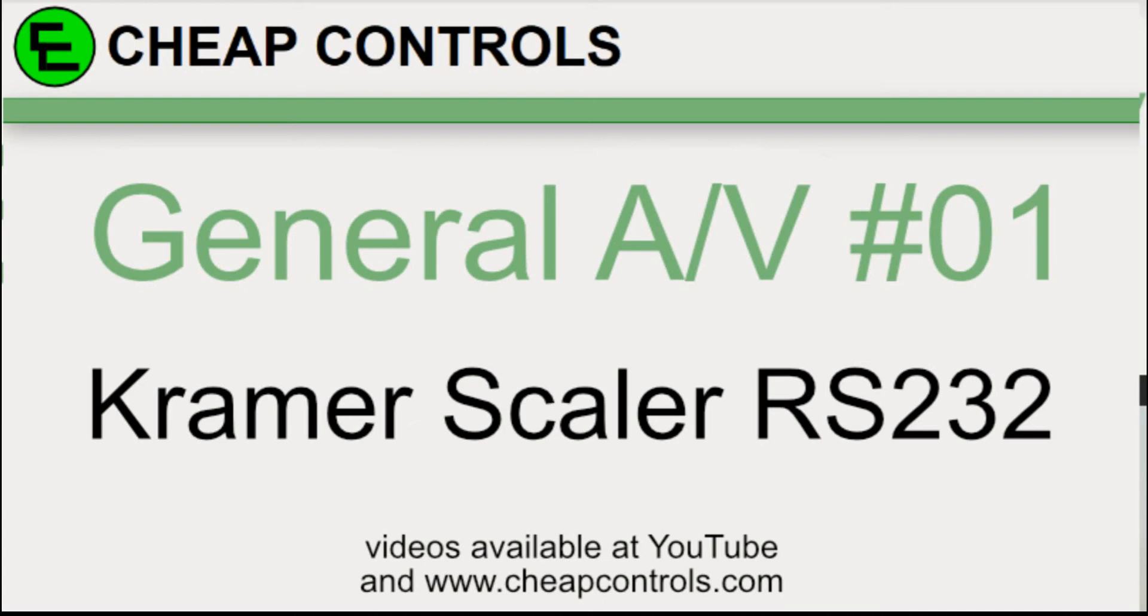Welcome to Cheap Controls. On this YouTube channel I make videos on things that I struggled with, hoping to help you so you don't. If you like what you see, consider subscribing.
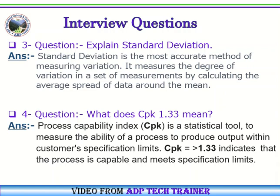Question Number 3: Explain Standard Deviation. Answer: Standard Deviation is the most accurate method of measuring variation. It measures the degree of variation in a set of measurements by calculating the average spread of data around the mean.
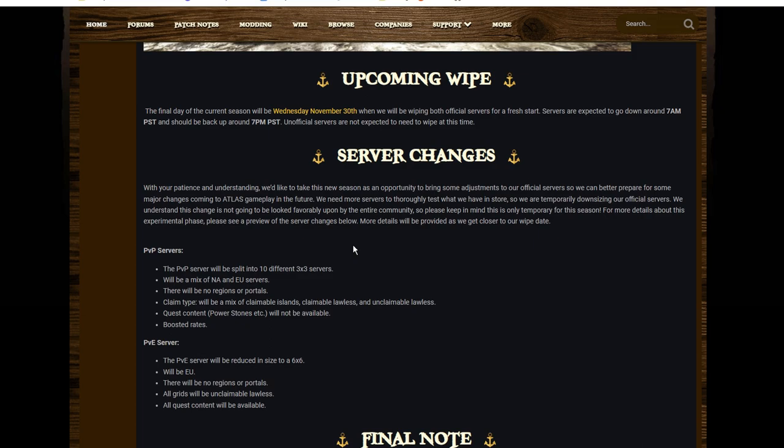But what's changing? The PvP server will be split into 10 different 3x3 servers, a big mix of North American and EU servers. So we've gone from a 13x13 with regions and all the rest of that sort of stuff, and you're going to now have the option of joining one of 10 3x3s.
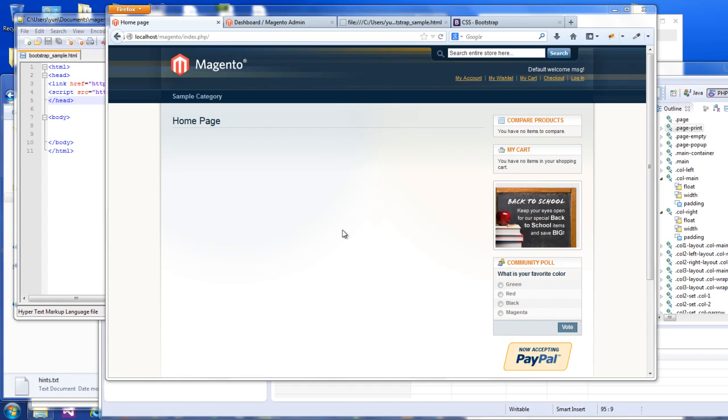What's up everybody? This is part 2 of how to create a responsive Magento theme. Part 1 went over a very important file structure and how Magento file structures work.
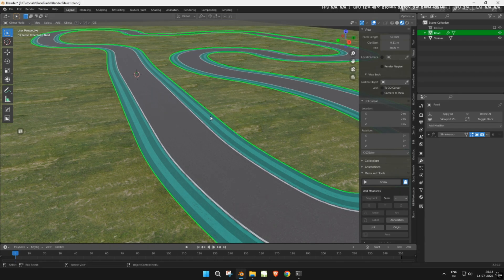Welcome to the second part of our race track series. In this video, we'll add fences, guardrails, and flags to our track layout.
# # # # # # #
TO DO — Whatever lies between the first line of the data and the line holding "Question Number 3: Explain", inclusive, should be repeated exactly, apart from the pictures.

EXERCISE RESULT —
Welcome to Cheap Controls. On this YouTube channel I make videos on things that I struggled with, hoping to help you so you don't. If you like what you see, consider subscribing.
Question Number 3: Explain Standard Deviation. Answer: Standard Deviation is the most accurate method of measuring variation. It measures the degree of variation in a set of measurements by calculating the average spread of data around the mean.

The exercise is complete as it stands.